§ **ABOUT THIS TASK**
A faithful copy of all the data is required; pictures should not be included.

§ **SOURCE MATERIAL**
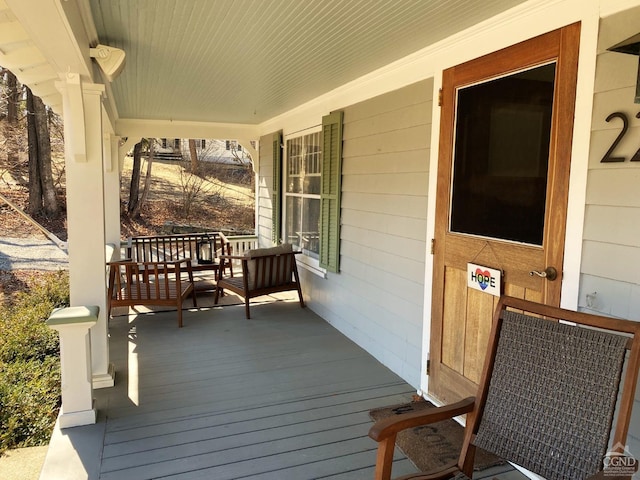 wooden deck featuring covered porch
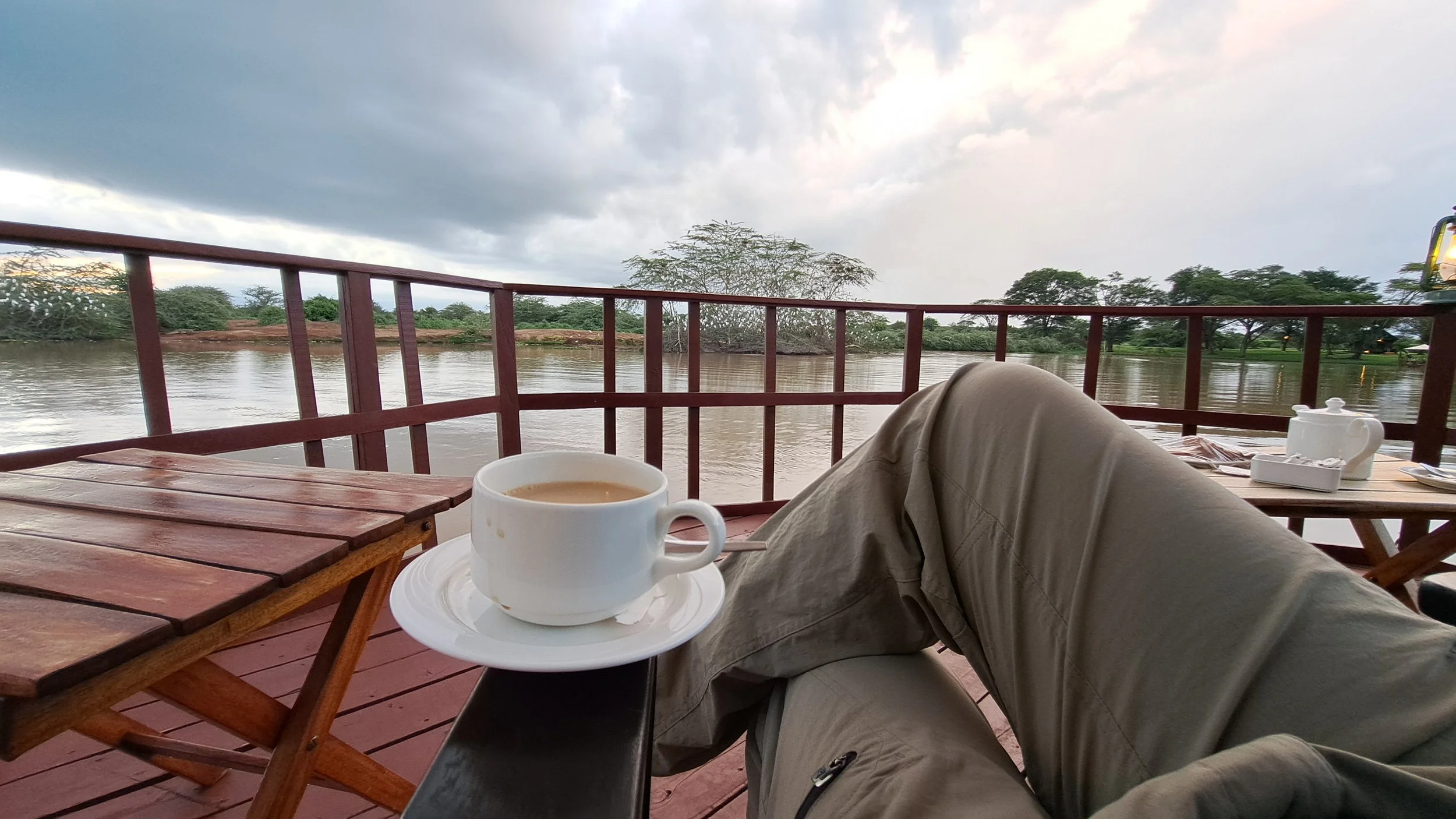 Calm travel pause on a lodge deck overlooking water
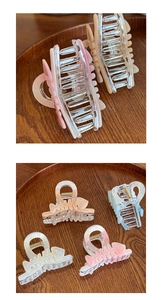 Detail showing the fishbone structure and golden spring of the iridescent hair claw clips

§ **RESPONSE**
 wooden deck featuring covered porch
 Calm travel pause on a lodge deck overlooking water
 Detail showing the fishbone structure and golden spring of the iridescent hair claw clips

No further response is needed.